The records are to be copied from the line that contains "Cyberpunk - Spartan" through their last line, word for word, with every picture left out.
================================
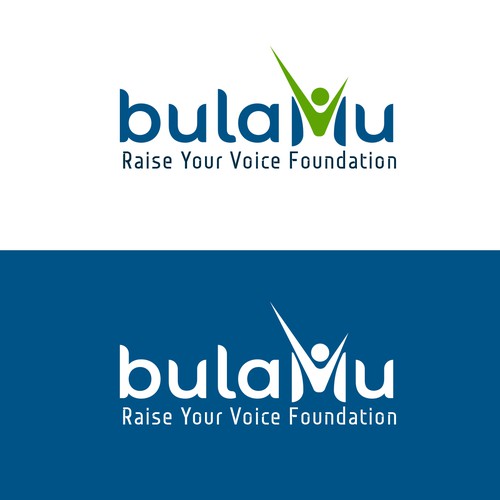 Logo Design for Bulamu Raise Your Voice Foundation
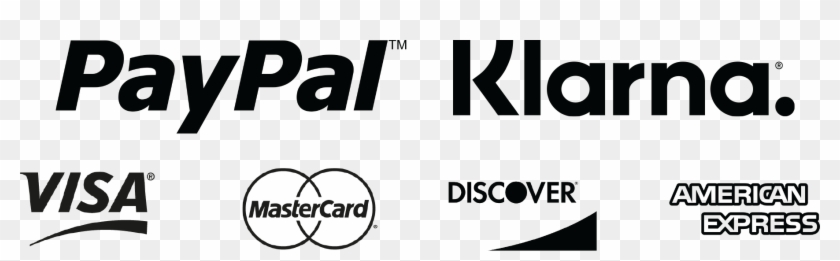 46 76 319 49 - Paypal Visa Mastercard American Express Discover Black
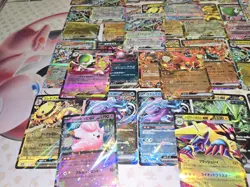 TCG Pokemon JP: EX’s Card Lot 45 Cards. NM. Random Sets - Image 2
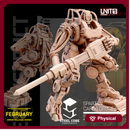 Cyberpunk - Spartan Cargo Drone - Steel Core Construct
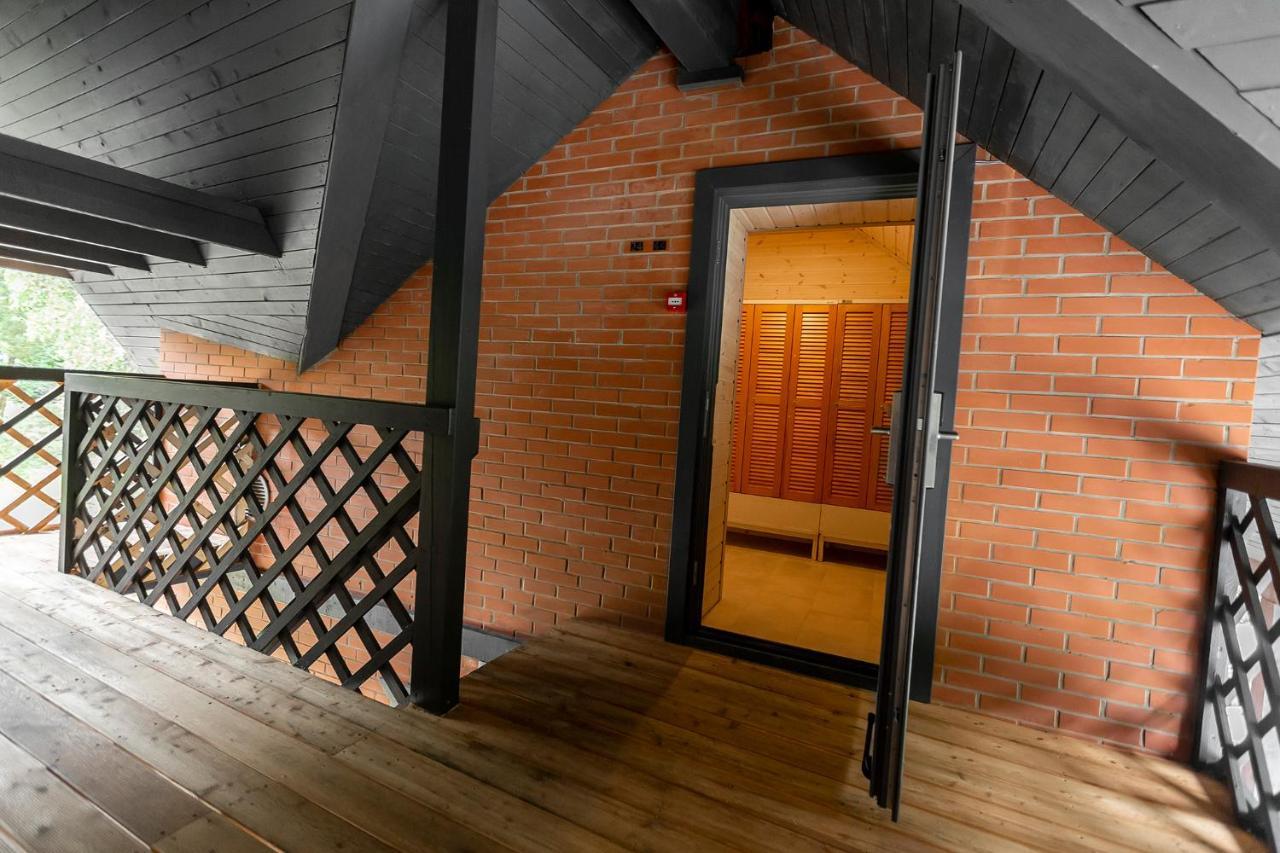 Palanga Camping Compensa Hostel المظهر الخارجي الصورة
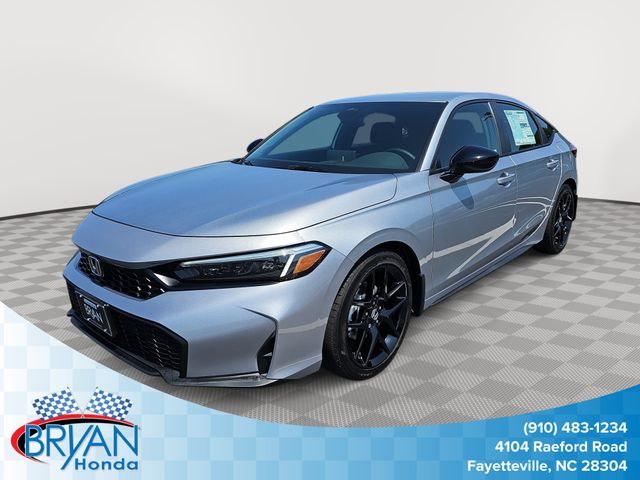 2026 Honda Civic Sport CVT's photo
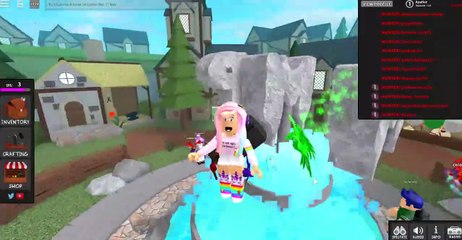 MURDER MYSTERY! IN ROBLOX!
================================
Task response:
 Cyberpunk - Spartan Cargo Drone - Steel Core Construct
 Palanga Camping Compensa Hostel المظهر الخارجي الصورة
 2026 Honda Civic Sport CVT's photo
 MURDER MYSTERY! IN ROBLOX!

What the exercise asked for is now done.